Exercise data:
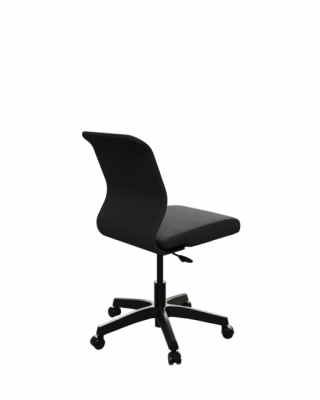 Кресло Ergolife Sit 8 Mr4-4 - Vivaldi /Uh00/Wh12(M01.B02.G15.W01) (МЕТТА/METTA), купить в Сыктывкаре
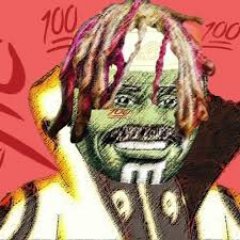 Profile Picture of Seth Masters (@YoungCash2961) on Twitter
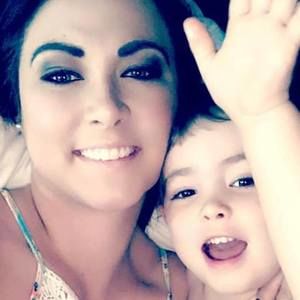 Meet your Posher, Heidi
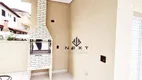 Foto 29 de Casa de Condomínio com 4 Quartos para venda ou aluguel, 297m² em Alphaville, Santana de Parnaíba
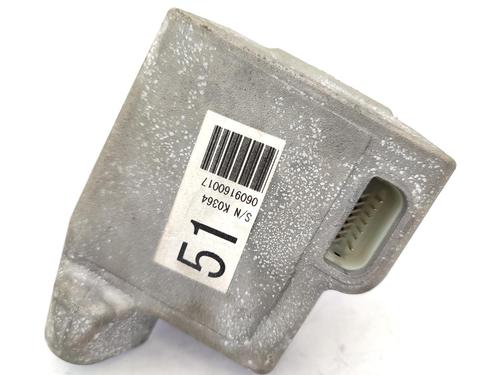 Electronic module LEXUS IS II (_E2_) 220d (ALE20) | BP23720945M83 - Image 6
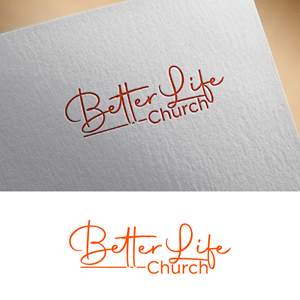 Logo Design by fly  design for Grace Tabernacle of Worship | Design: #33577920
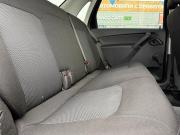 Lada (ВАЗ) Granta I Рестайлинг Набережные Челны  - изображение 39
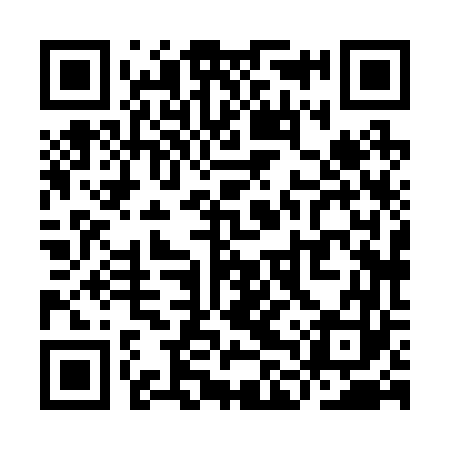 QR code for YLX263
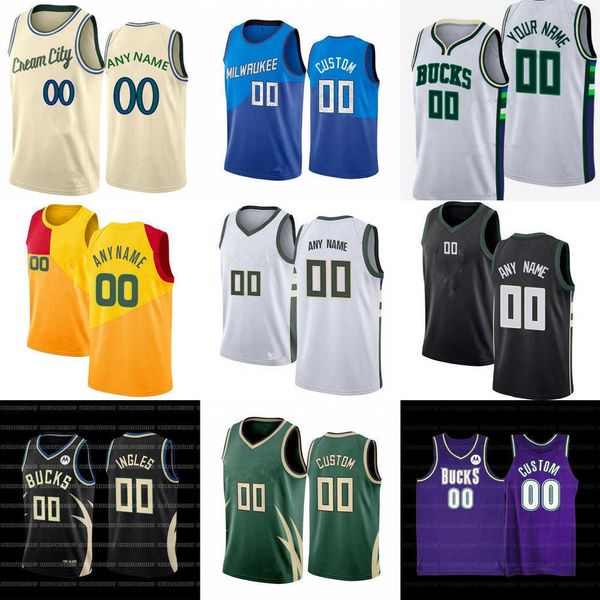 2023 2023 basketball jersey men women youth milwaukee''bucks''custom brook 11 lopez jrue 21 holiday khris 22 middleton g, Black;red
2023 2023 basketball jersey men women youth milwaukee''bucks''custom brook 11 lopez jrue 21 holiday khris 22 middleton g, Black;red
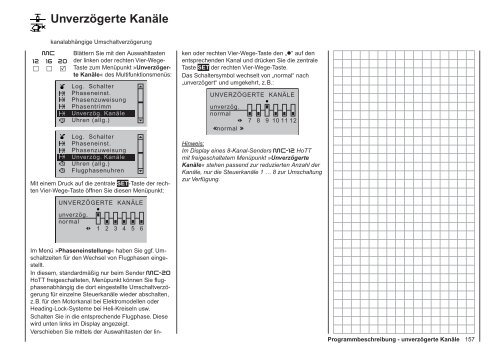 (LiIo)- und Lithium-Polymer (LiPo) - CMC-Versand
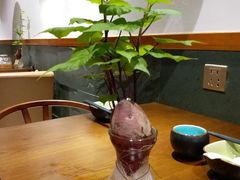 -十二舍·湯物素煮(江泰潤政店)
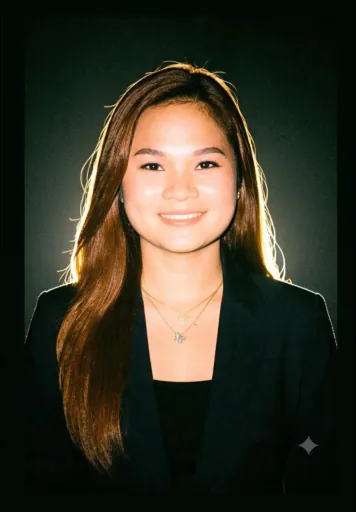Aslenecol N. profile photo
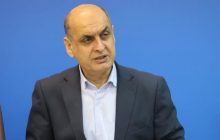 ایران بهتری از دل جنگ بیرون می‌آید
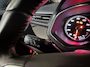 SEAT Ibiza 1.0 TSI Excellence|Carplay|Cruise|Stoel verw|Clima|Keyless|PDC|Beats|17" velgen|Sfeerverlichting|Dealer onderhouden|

Aim of the task: All text in the material above must be written out exactly; the images are to be skipped.

Answer to this problem:
 Кресло Ergolife Sit 8 Mr4-4 - Vivaldi /Uh00/Wh12(M01.B02.G15.W01) (МЕТТА/METTA), купить в Сыктывкаре
 Profile Picture of Seth Masters (@YoungCash2961) on Twitter
 Meet your Posher, Heidi
 Foto 29 de Casa de Condomínio com 4 Quartos para venda ou aluguel, 297m² em Alphaville, Santana de Parnaíba
 Electronic module LEXUS IS II (_E2_) 220d (ALE20) | BP23720945M83 - Image 6
 Logo Design by fly  design for Grace Tabernacle of Worship | Design: #33577920
 Lada (ВАЗ) Granta I Рестайлинг Набережные Челны  - изображение 39
 QR code for YLX263
 2023 2023 basketball jersey men women youth milwaukee''bucks''custom brook 11 lopez jrue 21 holiday khris 22 middleton g, Black;red
2023 2023 basketball jersey men women youth milwaukee''bucks''custom brook 11 lopez jrue 21 holiday khris 22 middleton g, Black;red
 (LiIo)- und Lithium-Polymer (LiPo) - CMC-Versand
 -十二舍·湯物素煮(江泰潤政店)
Aslenecol N. profile photo
 ایران بهتری از دل جنگ بیرون می‌آید
 SEAT Ibiza 1.0 TSI Excellence|Carplay|Cruise|Stoel verw|Clima|Keyless|PDC|Beats|17" velgen|Sfeerverlichting|Dealer onderhouden|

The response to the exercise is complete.